**Task item**
Copy the listing as it is written, and leave each picture out.

**Information supplied**
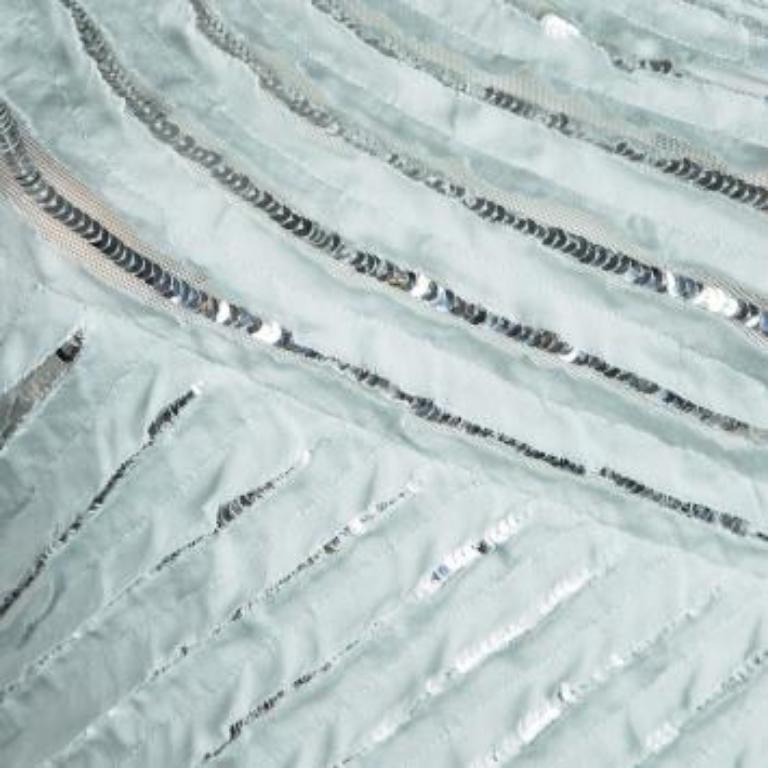 Roberto Cavalli n'a plus besoin d'être présenté et les créations de la marque sont totalement edgy, créatives et tout à fait intéressantes comme ce top bleu poudre.  Le top à une épaule est confectionné en 100 % soie et présente une silhouette à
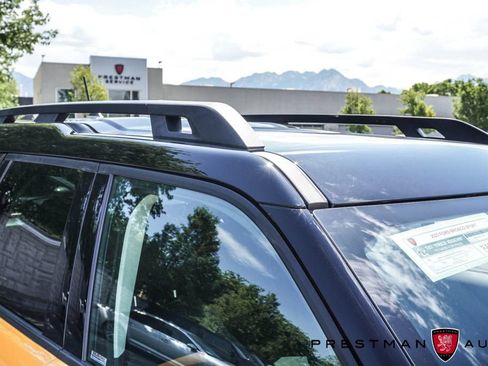 Used 2023 Ford Bronco Sport Badlands AWD/4WD image 5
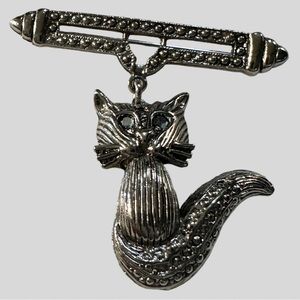 Cat Dangled Brooch Pin Silver Toned Jewelry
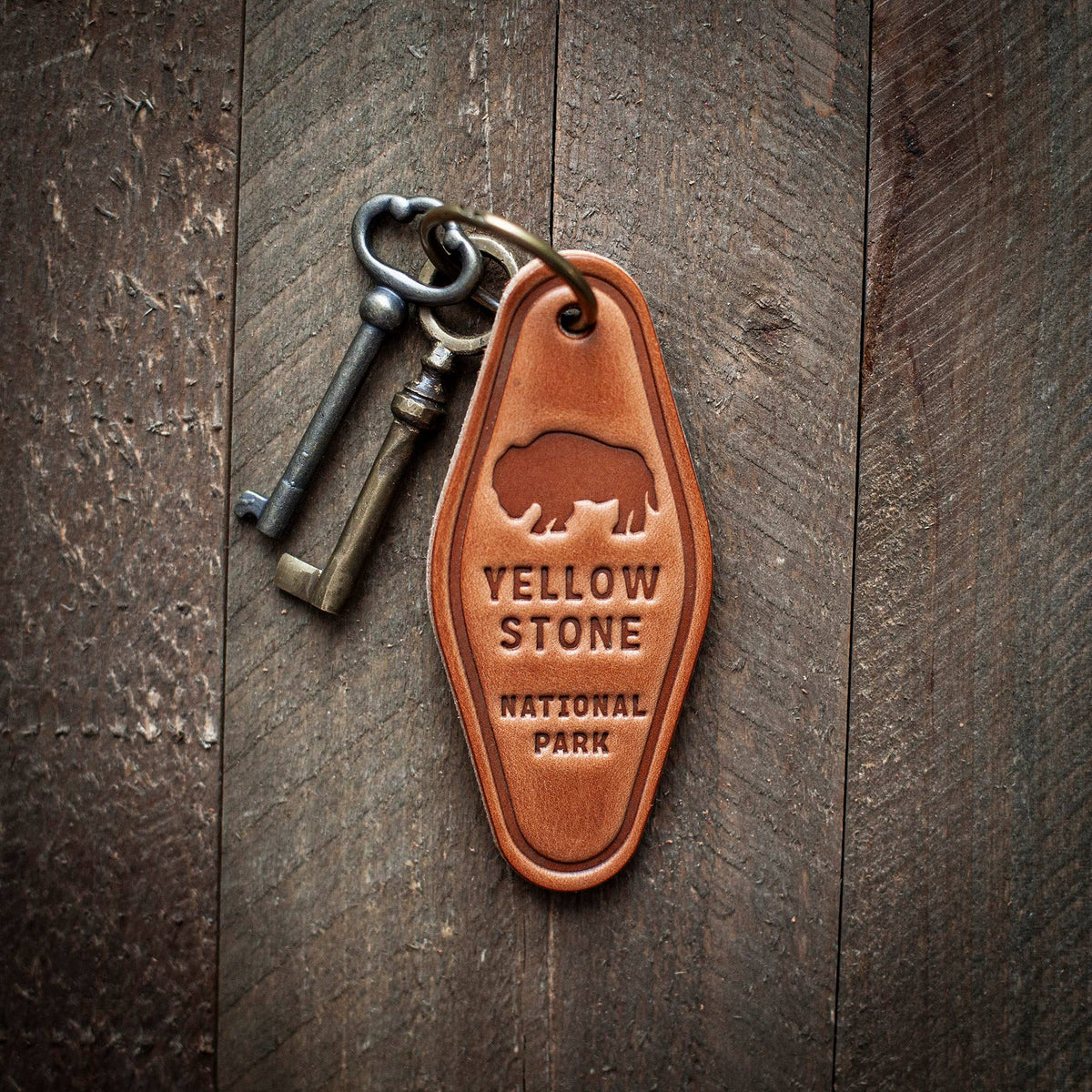 Yellowstone National Park Leather Keychain Motel Style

**Task result**
 Roberto Cavalli n'a plus besoin d'être présenté et les créations de la marque sont totalement edgy, créatives et tout à fait intéressantes comme ce top bleu poudre.  Le top à une épaule est confectionné en 100 % soie et présente une silhouette à
 Used 2023 Ford Bronco Sport Badlands AWD/4WD image 5
 Cat Dangled Brooch Pin Silver Toned Jewelry
 Yellowstone National Park Leather Keychain Motel Style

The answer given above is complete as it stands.